ML techniques certainly are being used to predict the weather, maybe just not at NOAA or the Weather Channel. The weather derivative industry[0] is an $8 billion dollar industry, making it larger than the entire rocket launch industry (public and private combined). Just as there are Elon Musks in the rocket launch industry, there are maverick hedge funds out there making a killing by predicting the weather using the latest Big Data tools.
Sometimes Machine Learning is the wrong approach. Direct mathematical modeling, if the underlying causal phenomenon are well known, bypasses the whole learning aspect of an explanatory system. Machine learning might help make sense of the residual noise that can't be accounted for with direct mathematical modeling. But at the level of sophistication that I've seen (predicting wind patterns using Finite Element Analysis methods mapped to topographical patterns fine-grained enough to model small buildings), I can't imagine any machine learning methods that could make any sense of the residual noise.
I agree that Machine Learning is not always the right approach but wouldn't it be a relatively inexpensive experiment to see if it could be used for more accurate predictions? I'm surprised that topographical patterns are mapped that precisely when ASOS and AWOs stations are so far apart. Also the weather data from commercial airplanes is so far above the surface that modeling small buildings would be meaningless.
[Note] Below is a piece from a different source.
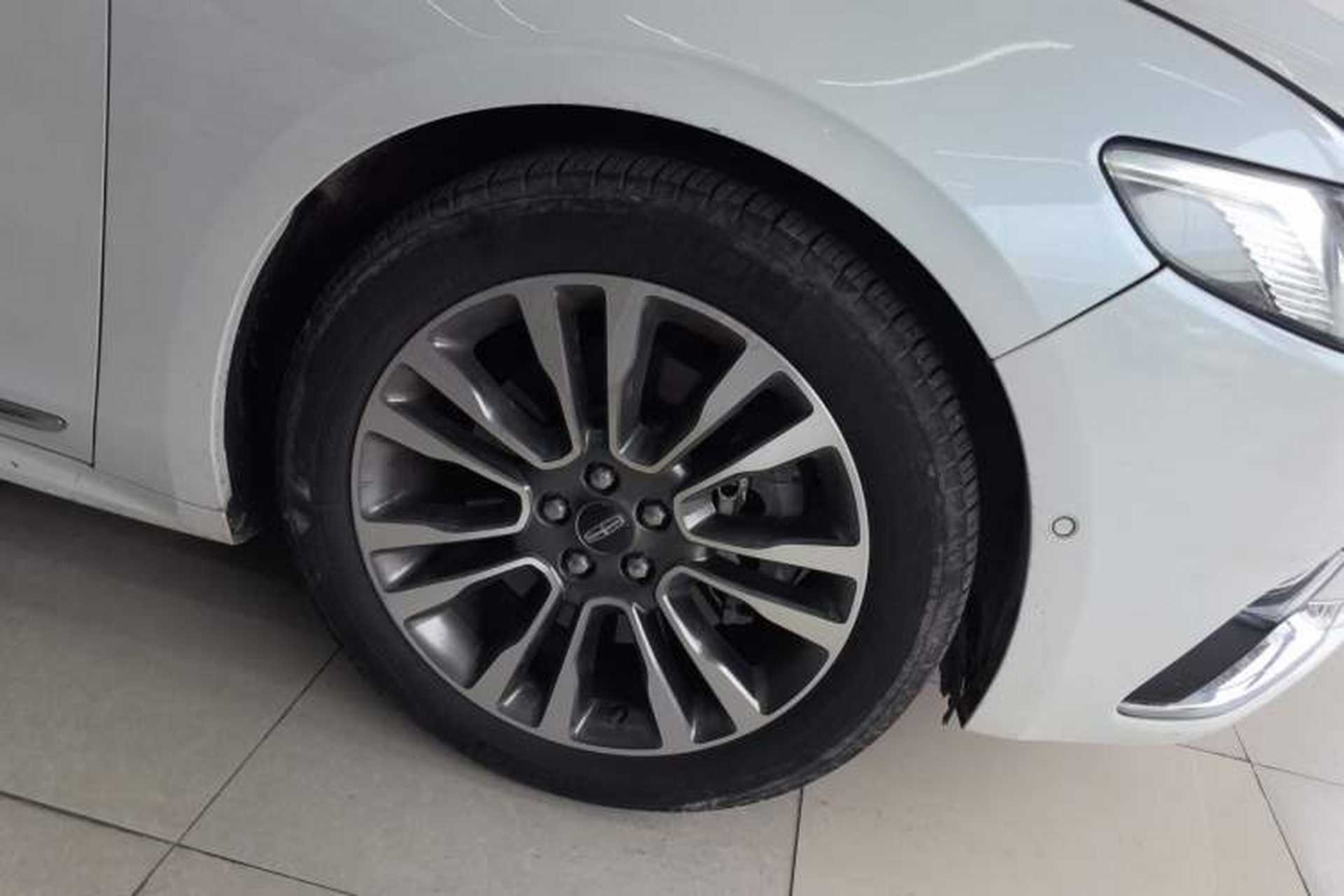 Used Lincoln Continental 2017 3.0T Four-Wheel Drive Prestige Edition Right Front Wheel Hub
I heard a talk from ex-Googler climate.com (now Monsanto) guys. Their forecasts were accurate enough to build a very profitable insurance business. I bet they used Bayesian rather than FEM techniques.
Is it that 'physics simulation' forecasting is best for short timescales (e.g. < 1 week in the uk), whilst ML can be better for estimating next year's weather statistics in some particular place? (Because your butterfly effect means that simulating the actual weather out to 1 year 'accurately' is not possible).
Presumably any short-term ML forecasting would use the physics simulation as it's main input, and then try to improve slightly on it (e.g. maybe you observe that in a particular small area, the rainfall is on average 10% more than the physics simulation, so your ML method would add 10%, giving you a slight forecast improvement)?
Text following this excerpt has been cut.